Problem: Exactly reproduce the line containing "The Onion Creek Ranch" and all later lines to the end of the entries, leaving the pictures out of your copy.
[[ Records supplied, beginning ]]
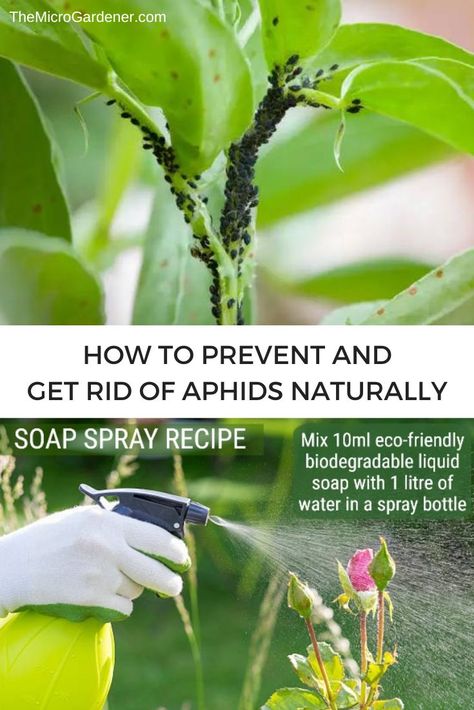 Aphids Natural Pest Management - Learn why aphids are a problem + how to prevent aphids & minimise damage with practical science-backed strategies to get rid of aphids naturally. via @microgardener/ Get Rid Of Aphids, Allium Schoenoprasum, Natural Pesticides, Crop Protection, Aromatic Plant, Pest Management, Strawberry Plants, Healthy Garden, Beneficial Insects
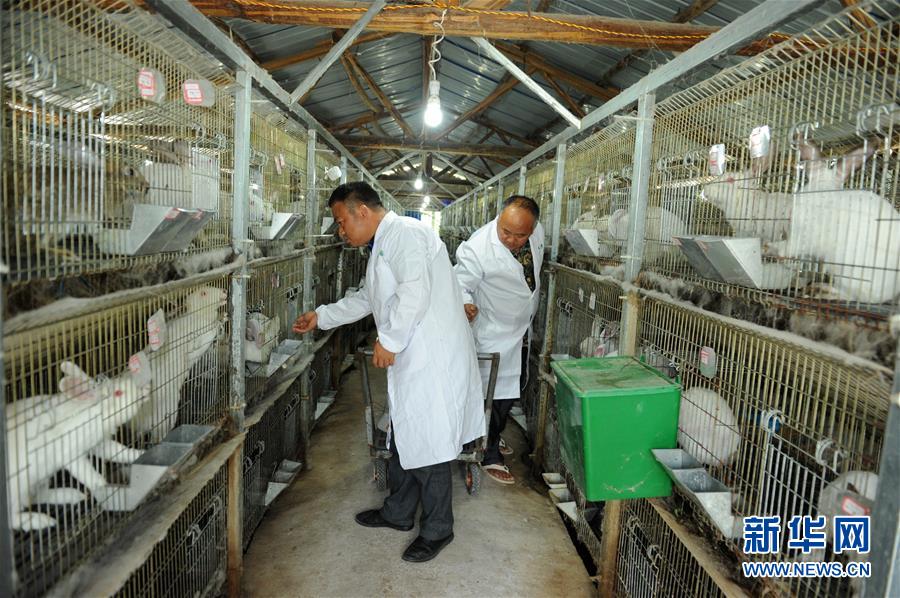 （新華全媒頭條·圖文互動）（4）干部去哪兒了？——貴州干部大規模下沉脫貧攻堅一線紀實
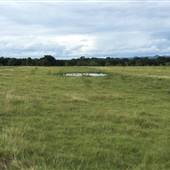 The Onion Creek Ranch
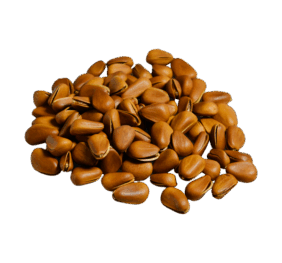 Brown Nuts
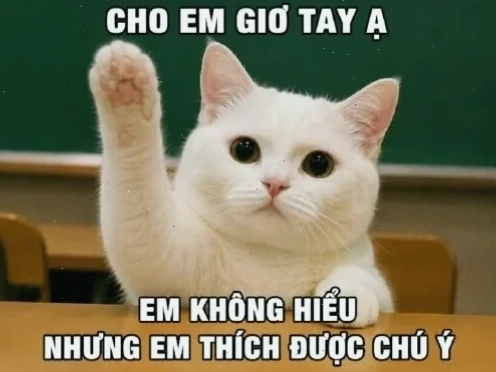 nhạt meme lạ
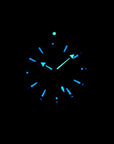 SEAMASTER PROFESSIONAL PLANET OCEAN 600M STEEL CASE BLACK DIAL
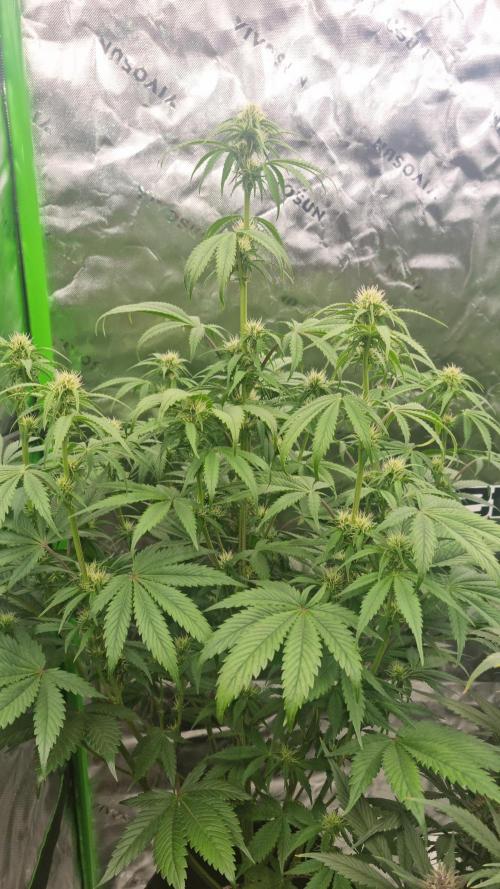 Lemon Cherry Cookies Automatic's. Week 8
[[ Records supplied, end ]]
Answer to this exercise:
 The Onion Creek Ranch
 Brown Nuts
 nhạt meme lạ
 SEAMASTER PROFESSIONAL PLANET OCEAN 600M STEEL CASE BLACK DIAL
 Lemon Cherry Cookies Automatic's. Week 8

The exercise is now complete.